4月も下旬に突入。気温もぐんぐんと上がり、25℃以上になったり、地域によっては真夏日を記録したところもあるほど。これからGWも控えていますし、自然に親しむために山歩きを計画している方も多いのではないでしょうか? そんな山歩きには、思わぬ危険が存在しています。

それは「野草」。文字通り「野」に生えている「草」です。一見すると単なる草ですが、その中には山菜として、とても美味しいものや、ハーブとして活用出来るものも多く存在するのです。

COCORiLA読者の皆様ならば、旬の野菜にはエネルギーが満ちている、ということをご存じの方も多いと思いますが、新緑の季節が持つパワフルなエネルギーに満ちあふれているのが野草というわけです。春から夏へと向かうエネルギーは成長のエネルギーであり、そんなエネルギーが含まれた野草を食べると、心身共に健康になるのも当然といえるでしょう。

毎年野草によって被害が発生しています

といっても、山に生えている野草を素人が自己判断で採取するのは危険です。勝手に野草を採取すること自体が多くの場所で禁じられていますが、山奥などで美味しそうな野草を見ると、つい摘んでしまうという方もいるかもしれません。

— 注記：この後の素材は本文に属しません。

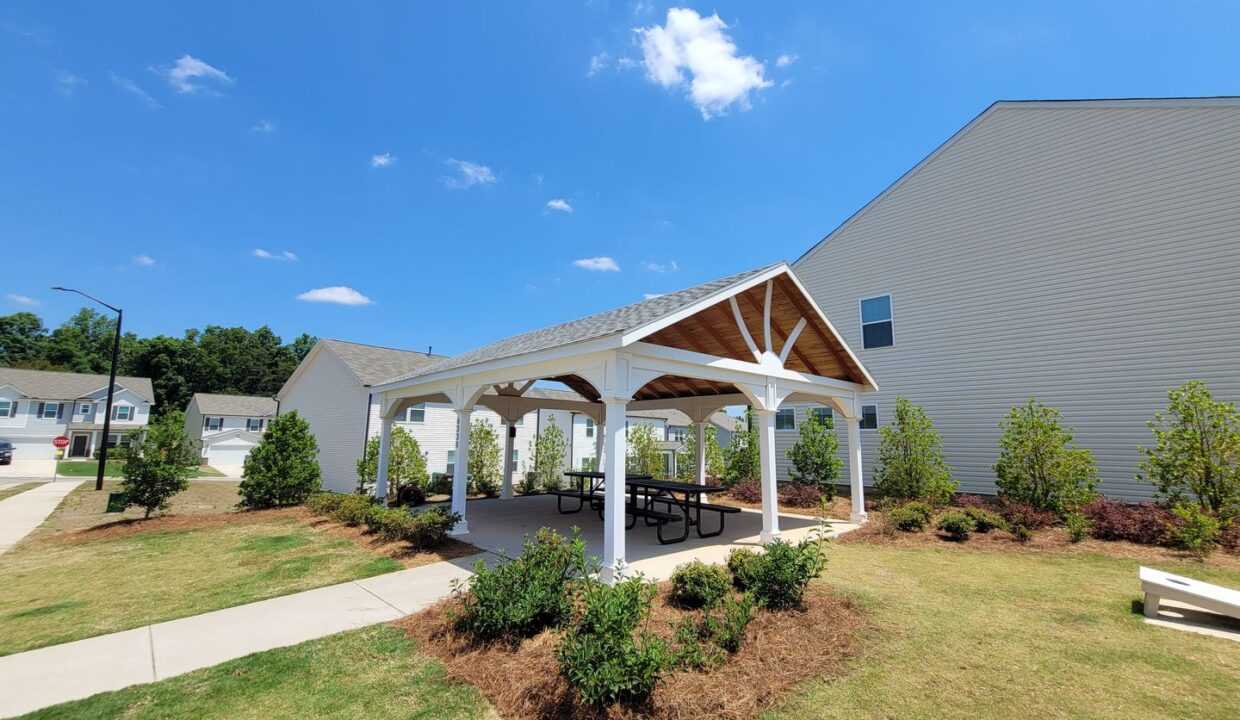 808-Falls-Grove-Trl-High-Point-NC-27265-23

そんな野草によって引き起こされる食中毒が、「4月以降」非常に多くなるのです。長野県では、毎年のように春先に発生している食中毒を防ぐために、注意喚起の情報を出しています。特に多いのは、ニラと間違えて有毒植物のスイセンを食べるというもの。

幸いなことで、スイセンで死亡するケースはほぼないのですが、山菜のオオバギボウシやウルイなどと似ている「バイケイソウ」は大量に摂取すると、最悪の場合、死に至る危険性もあります。また、ギョウジャニンニクと似ている「イヌサフラン」は、食中毒による死亡例が存在するほどの毒をもっていますので、素人判断で野草を取ることの危険性がわかると思います。

消費者庁によると、平成28年までの過去10年で野草による食中毒になった人は502人、そのうち7人の方が死亡しているということです。この死亡例の要因となったのは、前述したイヌサフランがほとんどで、6名、1名がスイセンでした。

確かに野草は山からの恵みであり、これからの季節はエネルギーに満ちあふれたものですが、きちんとした判断ができない人間が間違って摂取してしまうと、大変なことになってしまいますので、山登りや散策などで気軽につんでしまわないように注意しましょう。